The categories definition

Variables used

The variables used to define tracks' categories are tracks':

  • chi^2,
  • momenta,
  • eta,
  • number of hit
  • number of pixel hit
  • a hit on the first pixel layer (not yet used)
  • trackQuality (not yet used)

for CMSSW release higher than CMSSW_2_0_0, categories' definition should inculdes the trackQuality variables provide by the Tracking group.

Categories definition

The categories used are the ones created for the PTDR. There is 9 categories defined as:

  • a single category for tracks with chi^2 > 2.5

for tracks with chi^2 < 2.4

  • 3 categories for |eta| in the ranges [0,0.8], [0.8,1.6] and [1.6,2.5] with a number of pixel >=3 and p<8
  • 1 category with a number of pixel = 2 and p<8
  • 3 categories for |eta| in the ranges [0,0.8], [0.8,1.6] and [1.6,2.5] with a number of pixel >=3 and p>8
  • 1 category with a number of pixel = 2 and p>8

The RecoBTag/ImpactParameterLearning package

The ImpactParameterLearning package can be used to produce calibration from Reco/AOD data samples. It takes as input a TrackIPTagInfoCollection and create negative impact parameter significance distributions from the "selected tracks". Output histograms can be produced into the XML file format (which can be used for calibrtions studies) or into sqlite format (which is used to interact with the data base).

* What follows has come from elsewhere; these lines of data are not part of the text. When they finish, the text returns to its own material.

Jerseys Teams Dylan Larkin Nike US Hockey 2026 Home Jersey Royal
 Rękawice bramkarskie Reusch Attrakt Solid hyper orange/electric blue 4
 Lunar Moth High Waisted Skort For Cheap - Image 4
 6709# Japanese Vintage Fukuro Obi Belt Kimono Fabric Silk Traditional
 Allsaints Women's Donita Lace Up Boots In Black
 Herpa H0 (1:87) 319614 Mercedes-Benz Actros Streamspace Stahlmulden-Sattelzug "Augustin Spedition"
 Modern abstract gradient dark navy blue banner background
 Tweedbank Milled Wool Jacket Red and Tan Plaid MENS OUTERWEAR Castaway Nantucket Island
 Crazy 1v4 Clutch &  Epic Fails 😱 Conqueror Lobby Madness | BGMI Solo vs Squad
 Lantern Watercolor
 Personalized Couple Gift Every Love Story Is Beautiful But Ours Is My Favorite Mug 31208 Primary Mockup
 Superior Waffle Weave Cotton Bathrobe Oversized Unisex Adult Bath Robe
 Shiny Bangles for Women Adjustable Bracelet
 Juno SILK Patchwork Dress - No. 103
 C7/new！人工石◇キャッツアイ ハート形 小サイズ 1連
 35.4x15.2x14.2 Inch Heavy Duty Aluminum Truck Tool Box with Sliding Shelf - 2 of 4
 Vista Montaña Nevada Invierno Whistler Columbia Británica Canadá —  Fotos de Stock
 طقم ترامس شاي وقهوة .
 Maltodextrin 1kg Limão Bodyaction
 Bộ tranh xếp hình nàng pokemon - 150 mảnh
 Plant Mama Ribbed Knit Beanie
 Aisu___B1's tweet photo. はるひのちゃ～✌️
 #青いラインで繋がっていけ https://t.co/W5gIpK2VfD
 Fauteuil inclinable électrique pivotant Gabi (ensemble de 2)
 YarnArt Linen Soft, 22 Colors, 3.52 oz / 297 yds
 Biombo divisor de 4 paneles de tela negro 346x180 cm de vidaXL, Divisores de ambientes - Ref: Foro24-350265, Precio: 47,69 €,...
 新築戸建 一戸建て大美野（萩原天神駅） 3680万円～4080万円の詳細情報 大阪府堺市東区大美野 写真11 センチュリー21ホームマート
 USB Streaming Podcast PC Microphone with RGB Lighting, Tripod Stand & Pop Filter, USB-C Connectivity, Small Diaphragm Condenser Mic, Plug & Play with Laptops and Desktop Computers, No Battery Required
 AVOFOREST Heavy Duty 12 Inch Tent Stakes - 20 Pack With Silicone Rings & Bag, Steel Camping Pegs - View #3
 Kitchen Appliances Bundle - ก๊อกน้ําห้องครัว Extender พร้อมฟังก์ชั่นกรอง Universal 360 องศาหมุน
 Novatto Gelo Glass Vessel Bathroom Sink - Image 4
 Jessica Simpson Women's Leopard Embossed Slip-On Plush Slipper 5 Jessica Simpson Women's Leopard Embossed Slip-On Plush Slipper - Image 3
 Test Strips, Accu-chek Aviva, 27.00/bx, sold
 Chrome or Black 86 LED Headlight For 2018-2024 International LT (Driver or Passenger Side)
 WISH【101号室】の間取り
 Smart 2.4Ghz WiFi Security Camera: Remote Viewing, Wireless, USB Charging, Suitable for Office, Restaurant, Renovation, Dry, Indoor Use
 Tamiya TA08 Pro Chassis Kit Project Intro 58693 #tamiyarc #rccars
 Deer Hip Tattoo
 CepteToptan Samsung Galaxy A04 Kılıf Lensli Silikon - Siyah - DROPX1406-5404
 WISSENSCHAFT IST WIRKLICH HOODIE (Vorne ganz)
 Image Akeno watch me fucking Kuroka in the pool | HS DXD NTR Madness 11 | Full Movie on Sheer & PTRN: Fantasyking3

To produce calibrations using a large amount of events, the following strategy can by used. First using crab, the ImpactParameterLearning module produce a list of calibration files in XML data format. Then the SumHistoCalibration module can be used to merge all these histograms in only one remaining histograms produce into a XML file or a sqlite file. This last file can by used to recalculate track probabilities and JetProbability taggers.

For CMSSW_1_8_4 release

The following tag can by used to produce calibrations running over the pre-CSA08 fastsim samlpes.

       cvs co -r jetProba_1_8_4 RecoBTag/ImpactParameterLearning
   

For CMSSW_2_1_X releases

The following tag can be used with CMSSW 2_2_X releases.

       cvs co -r jetProba_Calib_2_2_X RecoBTag/ImpactParameterLearning
   

All the useful cfg files was converted into py file

For CMSSW_3_1_X releases

The following tag can be used with CMSSW 3_1_X releases.

       cvs co -r jetProba_Calib_3_1_X RecoBTag/ImpactParameterLearning
   

an example of configuration file to produce DQM validation histograms from the new calibration is also provided : RecoBTag/ImpactParameterLearning/test/histoMaker.py

For CMSSW_5_3_X releases

       cvs co RecoBTag/PerformanceMeasurements/
       cvs co -r V01-04-09 RecoBTag/ImpactParameter/
       cvs co -d bTag/CommissioningCommonSetup UserCode/bTag/CommissioningCommonSetup
       cvs co -r V02-00-01 RecoBTag/ImpactParameterLearning
   

By default, the BTagAnalyzer tree is produced, to perform checks and validations.

How to use it.

An example of configuration file can be found with RecoBTag/ImpactParameterLearning/calib_cfg.py. Here is an example of ImpactParameterCalibration module definition.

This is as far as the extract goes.